** Dataset entries **
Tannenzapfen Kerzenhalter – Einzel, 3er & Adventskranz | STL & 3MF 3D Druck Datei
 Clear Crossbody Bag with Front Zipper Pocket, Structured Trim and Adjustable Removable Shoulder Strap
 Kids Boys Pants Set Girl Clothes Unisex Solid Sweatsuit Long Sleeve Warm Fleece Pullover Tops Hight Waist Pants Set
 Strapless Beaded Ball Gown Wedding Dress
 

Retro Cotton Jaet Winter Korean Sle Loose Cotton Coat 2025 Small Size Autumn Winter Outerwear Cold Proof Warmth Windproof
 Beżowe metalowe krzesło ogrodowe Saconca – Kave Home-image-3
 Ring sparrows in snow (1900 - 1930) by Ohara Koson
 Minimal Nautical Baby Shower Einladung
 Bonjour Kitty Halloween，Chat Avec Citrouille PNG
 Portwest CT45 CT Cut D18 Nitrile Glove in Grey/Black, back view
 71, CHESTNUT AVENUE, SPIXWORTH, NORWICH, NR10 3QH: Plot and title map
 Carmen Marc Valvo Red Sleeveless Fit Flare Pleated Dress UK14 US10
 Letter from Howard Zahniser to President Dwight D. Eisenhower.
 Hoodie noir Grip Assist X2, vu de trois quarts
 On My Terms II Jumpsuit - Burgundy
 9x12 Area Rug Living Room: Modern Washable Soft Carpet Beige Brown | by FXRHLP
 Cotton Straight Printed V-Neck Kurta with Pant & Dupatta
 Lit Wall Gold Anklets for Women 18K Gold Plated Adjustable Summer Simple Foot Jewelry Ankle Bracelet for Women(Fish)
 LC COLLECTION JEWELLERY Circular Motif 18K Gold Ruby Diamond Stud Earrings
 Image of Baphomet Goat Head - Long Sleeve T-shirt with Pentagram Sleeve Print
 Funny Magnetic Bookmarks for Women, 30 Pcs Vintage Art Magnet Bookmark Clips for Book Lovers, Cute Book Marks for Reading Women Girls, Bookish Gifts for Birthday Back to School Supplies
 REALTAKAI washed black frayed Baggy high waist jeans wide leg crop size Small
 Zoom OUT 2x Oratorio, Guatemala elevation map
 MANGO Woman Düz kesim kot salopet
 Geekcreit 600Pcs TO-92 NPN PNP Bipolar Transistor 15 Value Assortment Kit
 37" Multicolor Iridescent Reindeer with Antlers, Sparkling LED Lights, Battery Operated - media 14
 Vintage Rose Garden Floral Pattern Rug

** How to complete this task **
Each line of the material that has "Adjustable" in it should be counted; reply with that number alone.

** Solved exercise **
2